:: DATA PROVIDED ::
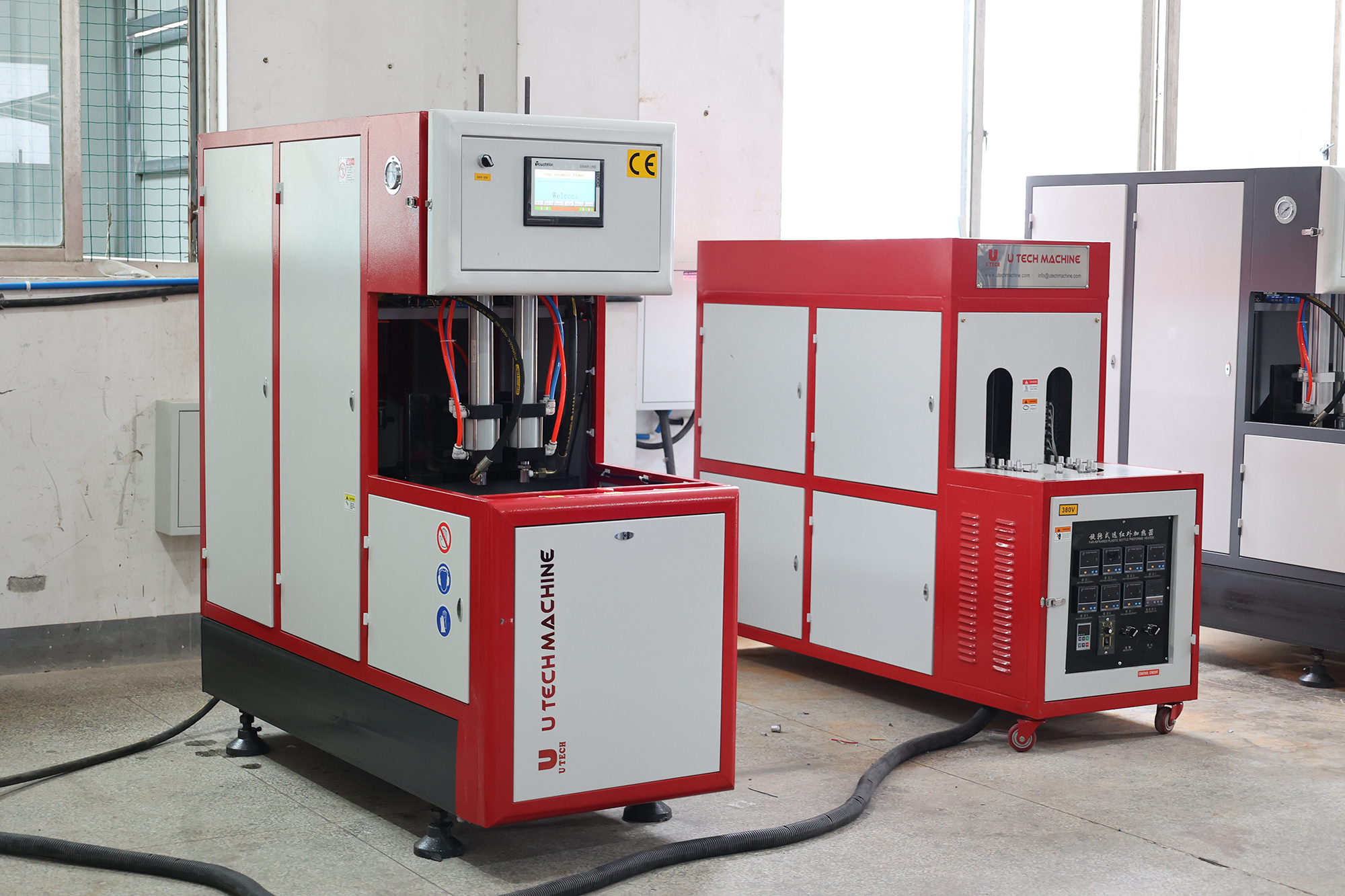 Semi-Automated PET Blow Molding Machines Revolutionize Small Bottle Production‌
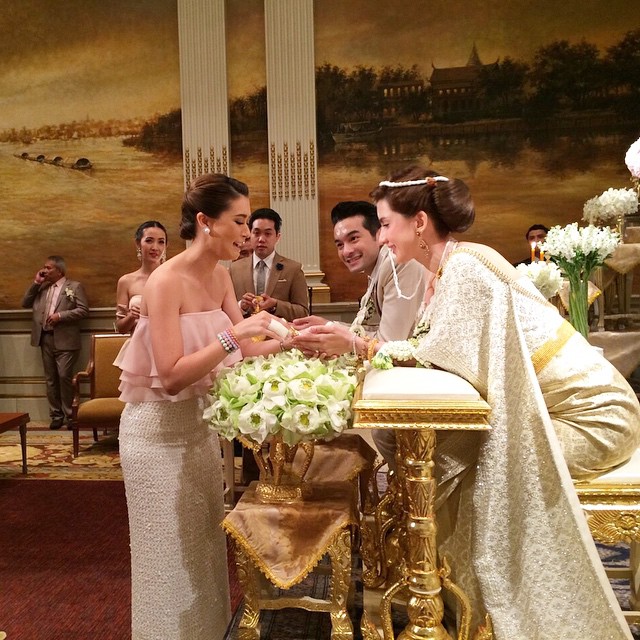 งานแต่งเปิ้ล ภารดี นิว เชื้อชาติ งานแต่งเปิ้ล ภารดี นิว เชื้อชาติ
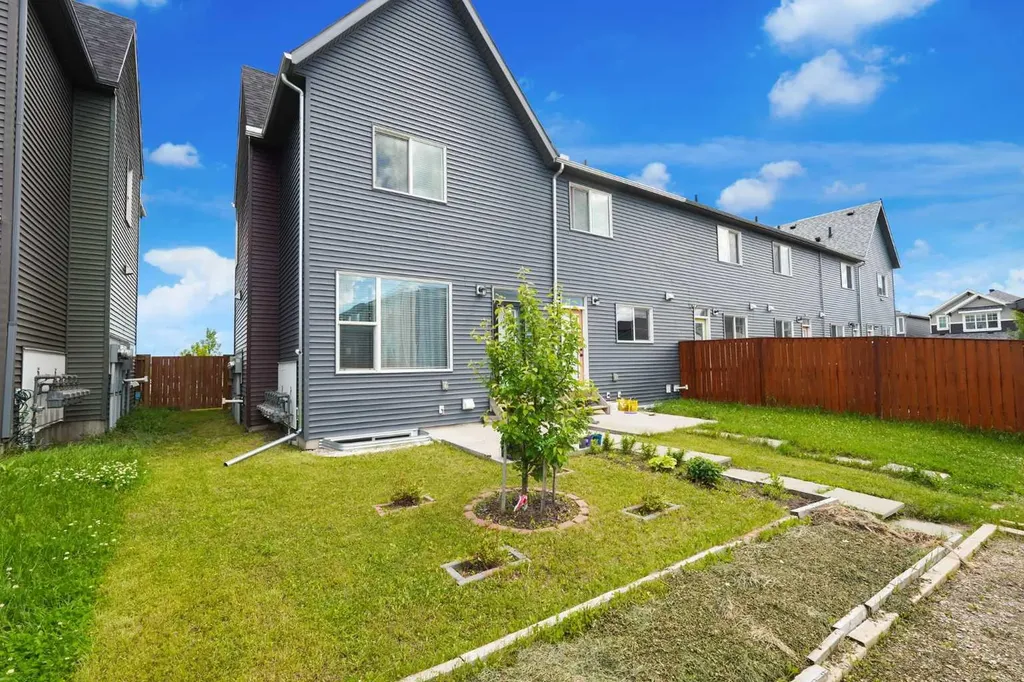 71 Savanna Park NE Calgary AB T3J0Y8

:: WHAT YOU HAVE TO DO ::
Give back the full data exactly as it reads, but drop the pictures.

:: WRITTEN ANSWER ::
 Semi-Automated PET Blow Molding Machines Revolutionize Small Bottle Production‌
 งานแต่งเปิ้ล ภารดี นิว เชื้อชาติ งานแต่งเปิ้ล ภารดี นิว เชื้อชาติ
 71 Savanna Park NE Calgary AB T3J0Y8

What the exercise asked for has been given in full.